She rifled through the notes. As an investigator she tried to apply her training to bring logic to the letters on the pages, layering them or placing them sequentially. As a scientist she understood that the apparent randomness of the system would eventually yield some underlying pattern or repetition. Chaos.  
‘Beautiful chaos, Scully,’ Mulder said, standing so close behind her that she could feel the heat radiating from him, hear his quickening breaths. She hadn’t heard him come in. She felt unutterably guilty, like she’d been caught reading his journal.  
She put the notes down and turned to face him. He flexed his jaw and stuffed his hands in his pockets. ‘What are they, Mulder?’  
He grabbed one and read it out. Tropical fish species. ‘This one lists the fish I’ve never had in my tank. This one,’ he said, blushing even more, ‘is a list of my favourite bras you wore back in our field days, colour, style and designer.’  
Scully looked back at the bed, the paper strewn across it. ‘Is there anything you haven’t catalogued, Mulder?’  
He pushed out his lips and hesitated a moment. ‘I don’t think there’s one for all brands of pantyhose you’ve ever worn.

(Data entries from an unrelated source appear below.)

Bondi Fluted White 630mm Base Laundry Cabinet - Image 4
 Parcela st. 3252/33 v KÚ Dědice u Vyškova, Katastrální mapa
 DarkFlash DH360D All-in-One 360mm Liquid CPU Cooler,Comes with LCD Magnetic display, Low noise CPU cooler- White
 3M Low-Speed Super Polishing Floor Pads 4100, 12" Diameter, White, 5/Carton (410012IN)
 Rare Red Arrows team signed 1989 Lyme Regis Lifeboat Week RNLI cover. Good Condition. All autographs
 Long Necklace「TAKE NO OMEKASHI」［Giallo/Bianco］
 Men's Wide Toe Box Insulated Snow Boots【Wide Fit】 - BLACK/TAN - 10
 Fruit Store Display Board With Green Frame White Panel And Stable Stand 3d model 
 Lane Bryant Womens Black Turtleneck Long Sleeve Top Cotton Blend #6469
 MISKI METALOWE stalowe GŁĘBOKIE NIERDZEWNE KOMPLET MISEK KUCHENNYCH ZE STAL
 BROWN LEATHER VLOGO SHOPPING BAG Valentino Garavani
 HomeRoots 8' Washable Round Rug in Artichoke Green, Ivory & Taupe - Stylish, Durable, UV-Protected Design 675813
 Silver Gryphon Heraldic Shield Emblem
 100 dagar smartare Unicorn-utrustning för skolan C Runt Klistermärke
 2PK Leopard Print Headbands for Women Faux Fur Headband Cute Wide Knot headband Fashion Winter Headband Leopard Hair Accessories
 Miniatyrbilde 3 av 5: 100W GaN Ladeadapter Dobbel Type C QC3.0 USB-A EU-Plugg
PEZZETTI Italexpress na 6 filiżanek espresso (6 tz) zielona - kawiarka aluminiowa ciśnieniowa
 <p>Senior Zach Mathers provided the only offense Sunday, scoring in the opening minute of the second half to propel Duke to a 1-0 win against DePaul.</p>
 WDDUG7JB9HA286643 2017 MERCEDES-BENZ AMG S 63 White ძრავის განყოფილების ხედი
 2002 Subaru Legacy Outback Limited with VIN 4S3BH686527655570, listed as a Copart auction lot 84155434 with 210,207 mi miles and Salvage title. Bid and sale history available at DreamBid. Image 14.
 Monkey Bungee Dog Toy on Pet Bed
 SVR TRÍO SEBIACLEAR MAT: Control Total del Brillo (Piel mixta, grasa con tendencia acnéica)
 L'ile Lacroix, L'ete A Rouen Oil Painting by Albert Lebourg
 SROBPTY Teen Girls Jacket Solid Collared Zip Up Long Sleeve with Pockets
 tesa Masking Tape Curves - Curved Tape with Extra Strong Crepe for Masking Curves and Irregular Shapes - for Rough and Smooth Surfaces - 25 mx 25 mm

Or all the types of salad you’ve ordered and not eaten, or the different inflections in your voice when you say you’re fine. But I could do those, if you want.’  
The bed sagged as she sat down. Notes fluttered to the floor. ‘What’s the purpose of them?’ She looked up at him. He held her gaze for a beat then cast his eyes to the floor. He stooped to pick up the lists that had fallen.  
‘There’s no purpose. Not a rational one that would suit your rigorous methods, Dr Scully.’  
‘What about one that your psychology training could provide, Dr Mulder?’  
He rubbed his stubbled chin. ‘They saved me.’  
‘Saved you? How?’  
‘Perhaps it’s like the cross around your neck, Scully.’  
‘Faith, Mulder?’ She swept her hand across the mess. ‘These gave you faith?’  
‘What is faith, Scully, but a way of keeping you on track, maintaining your sanity.’  
She chuffed. ‘There’s more to faith than that, Mulder.’  
‘What do you want me say, Scully? I wrote them daily, religiously; the routine was nourishing for my soul, I confessed.’  
‘Mulder, these aren’t confessions. They’re lists. Words on paper in an ordered fashion.’  
He opened the second box, picked out a note. ‘Five places I nearly walked out on you.’ He put it back. Chose another. ‘Five times I hated you.’ He showed her the list, the lettering scrawled across the paper, angry words bumping into each other. Another. ‘Five women I fucked while you were always working.’  
Her hand shook as she covered her mouth. Her skin smelled musty. She bit back the sob that threatened.  
‘You were right to leave, Scully.’

She shook her head, letting her hair fall over her face. She breathed in ragged breaths waiting for the oxygen to work its way through her, to calm her. She imagined him, hunched over the desk in his study, scribbling furiously across the paper, at dawn, in the dark, on Thanksgiving, when it snowed so heavily she couldn’t get back to the house, when she turned her back on him and said she was too tired.  
She’d told him once to write it down, put it in a book.  
‘Mulder, you were ill.’  
He walked around to sit on the other side of the bed. She turned to watch how the muscles in his back moved under his tee. His shoulders were tight.  
‘And this is the actual evidence of a troubled mind. All those years you demanded proof. I believed, but you needed to weigh it, dissect it, culture it or calibrate it. I felt it, but you had to measure, prod, test, and scrape it onto a slide. Well, here are the case notes on Fox Mulder. You can turn these into one of those reports you used to write.’  
‘Mulder, stop.’  
‘Why Scully? So that you can feel better? Here you have all the truth you need.’  
‘This isn’t the truth, Mulder. This is a punishment.’  
‘For you or for me?’ His words cut her and she held her breath. They’d been here before. His anger boiling up until he punched the wall or broke a vase. He sighed. ‘I’m sorry, Scully. I’m not going to…but this is the truth. In these boxes, this is the ugly truth from my mind, my heart.’  
‘I know your heart,’ she said, wiping away the tear that had fallen and burned her skin. ‘This isn’t your true heart. This is your guilt. Your conscience. Your…’  
‘My sanity?’ He chuckled, breaking the tension. She allowed herself a short, mirthless laugh too. ‘Did you really consider what you were getting into, Scully? You, the ruthless, critical thinker. The scientist. The rational half of the working partnership. How many times did you ask yourself, “how could I let myself fall for Fox Mulder?” I asked. Many times.’  
She giggled then. It was a short burst of life from her scarred lungs. ‘I used to ask what did you see in me? Uptight, argumentative, sceptic. And really, really short person.’ She fell back on the bed, laughing.  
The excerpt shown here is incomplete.